Instructions to follow.
Return the lines of the data below starting at the one holding "Helvano | Damen-Top mit Schmetterling-Print" and ending at the one holding "Oilfield Skeleton Workwear hat, Oilfield cap", word for word, leaving every picture out.

━━━━━ Records to use

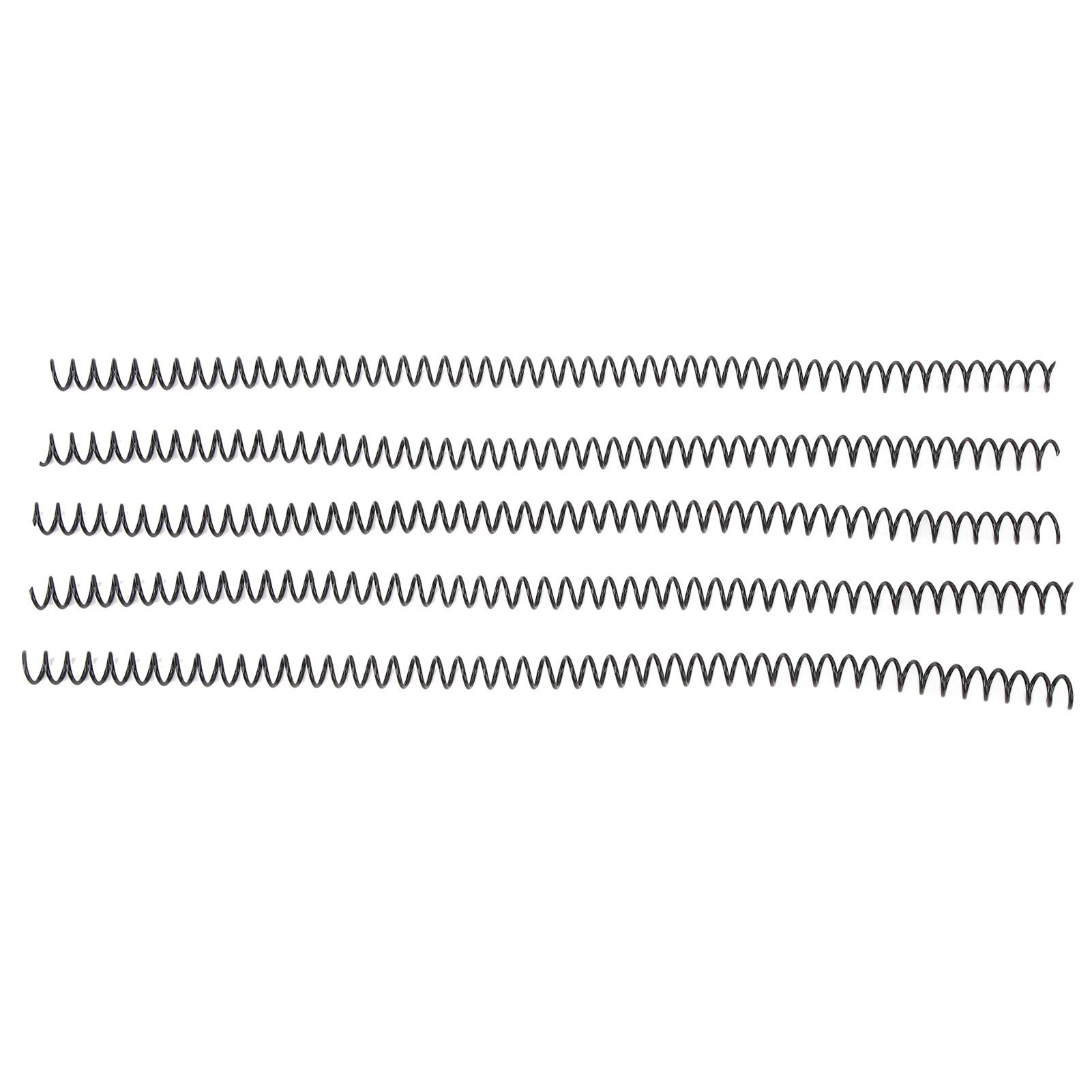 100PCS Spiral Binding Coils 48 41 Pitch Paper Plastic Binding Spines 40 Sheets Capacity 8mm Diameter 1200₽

━━━━━━━━━━
━━━━━ Records to use

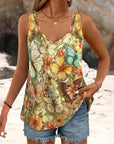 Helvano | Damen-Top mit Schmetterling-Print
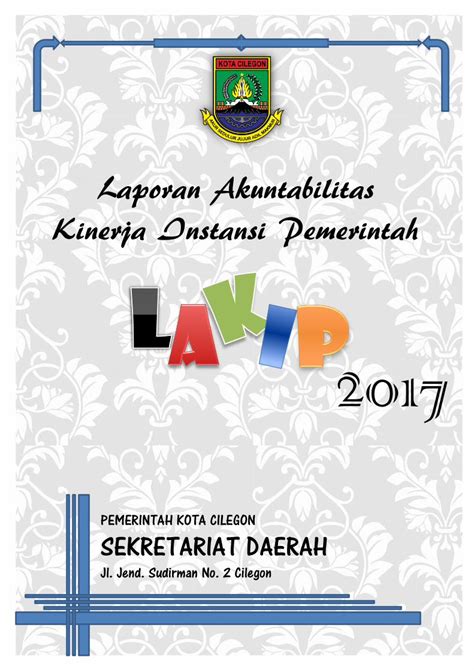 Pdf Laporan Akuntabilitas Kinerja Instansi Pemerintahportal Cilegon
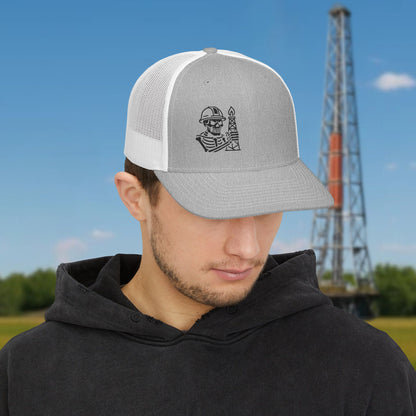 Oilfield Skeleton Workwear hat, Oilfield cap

━━━━━━━━━━

Result below.
 Helvano | Damen-Top mit Schmetterling-Print
 Pdf Laporan Akuntabilitas Kinerja Instansi Pemerintahportal Cilegon
 Oilfield Skeleton Workwear hat, Oilfield cap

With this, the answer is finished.